Understanding Anxiety Part Two
|By Louise Leighton|
Anxiety is a perfectly normal and healthy reaction to threatening or dangerous situations; it is very important for our survival as it is our natural protection - a built-in alarm, if you like. Anxiety can affect us mentally, physically, or both. Sometimes we may feel anxious, but we don't know why - this can be a constant feeling that feels out of proportion to the situation, or waves of anxiety that come and go. When this starts to affect your daily life, it can become overwhelming, and you may feel out of control.
Everyone will experience anxiety differently, and we all have our own.

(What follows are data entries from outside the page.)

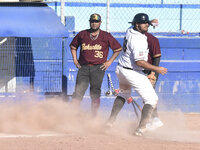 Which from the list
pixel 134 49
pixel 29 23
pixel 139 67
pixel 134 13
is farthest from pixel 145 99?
pixel 134 13

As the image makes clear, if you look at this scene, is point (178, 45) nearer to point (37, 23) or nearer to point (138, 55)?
point (37, 23)

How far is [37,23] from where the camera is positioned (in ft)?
35.0

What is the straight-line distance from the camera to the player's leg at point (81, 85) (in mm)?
8711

Triggers; we may not always know what causes our anxiety, which can feel upsetting and stressful and can actually cause further anxious feelings. We don't always have control over things that affect our mental health; factors such as our environment, bereavement, past and present circumstances, previous trauma or our childhood experiences can all influence our mental and emotional state.It is important to remember that anxiety feels different for everyone, however, there are
some common symptoms, listed below.
You might also experience other symptoms or difficulties that aren't listed here:
- Feeling nervous, on edge, or panicky all the time
- Feeling overwhelmed or full of dread
- Feeling out of control
- Having trouble sleeping
- Low appetite
- Finding it difficult to concentrate
- Feeling tired and grumpy
- Heart beating really fast or thinking you're having a heart attack
- Having a dry mouth
- Trembling feeling faint
- Stomach cramps and/or diarrhoea/ needing to pee more than usual
- Sweating more than usual
- Wobbly legs
- Getting very hot.
These symptoms are completely normal during periods of anxiety and stress. They can be unpleasant, but acknowledging and recognising that these symptoms are a result of your anxiety is a really valuable step in helping you begin to be able to manage them.

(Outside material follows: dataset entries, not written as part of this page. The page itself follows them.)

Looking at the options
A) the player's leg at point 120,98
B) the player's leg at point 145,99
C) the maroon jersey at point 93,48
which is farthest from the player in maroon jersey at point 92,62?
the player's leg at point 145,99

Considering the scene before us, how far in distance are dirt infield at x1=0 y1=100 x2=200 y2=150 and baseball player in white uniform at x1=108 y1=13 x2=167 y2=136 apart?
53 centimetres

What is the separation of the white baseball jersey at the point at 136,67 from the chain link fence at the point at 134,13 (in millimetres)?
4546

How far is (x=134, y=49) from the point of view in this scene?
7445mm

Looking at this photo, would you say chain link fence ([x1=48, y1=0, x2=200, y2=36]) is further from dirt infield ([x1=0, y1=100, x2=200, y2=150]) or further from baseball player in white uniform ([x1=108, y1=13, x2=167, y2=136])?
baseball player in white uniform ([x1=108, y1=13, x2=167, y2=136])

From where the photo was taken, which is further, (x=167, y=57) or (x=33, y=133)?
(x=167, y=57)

I have struggled with anxiety and obsessive-compulsive disorder (OCD) since childhood. I didn't know why I was always feeling shaky, scared, nauseous and hated the thought of doing anything new or that brought attention my way. Not only that, but I struggled at school and even though I had friends, I didn't believe they actually liked me. Furthermore, I now know these thoughts and feelings were irrational, though brought on by real experiences that had left their mark on me.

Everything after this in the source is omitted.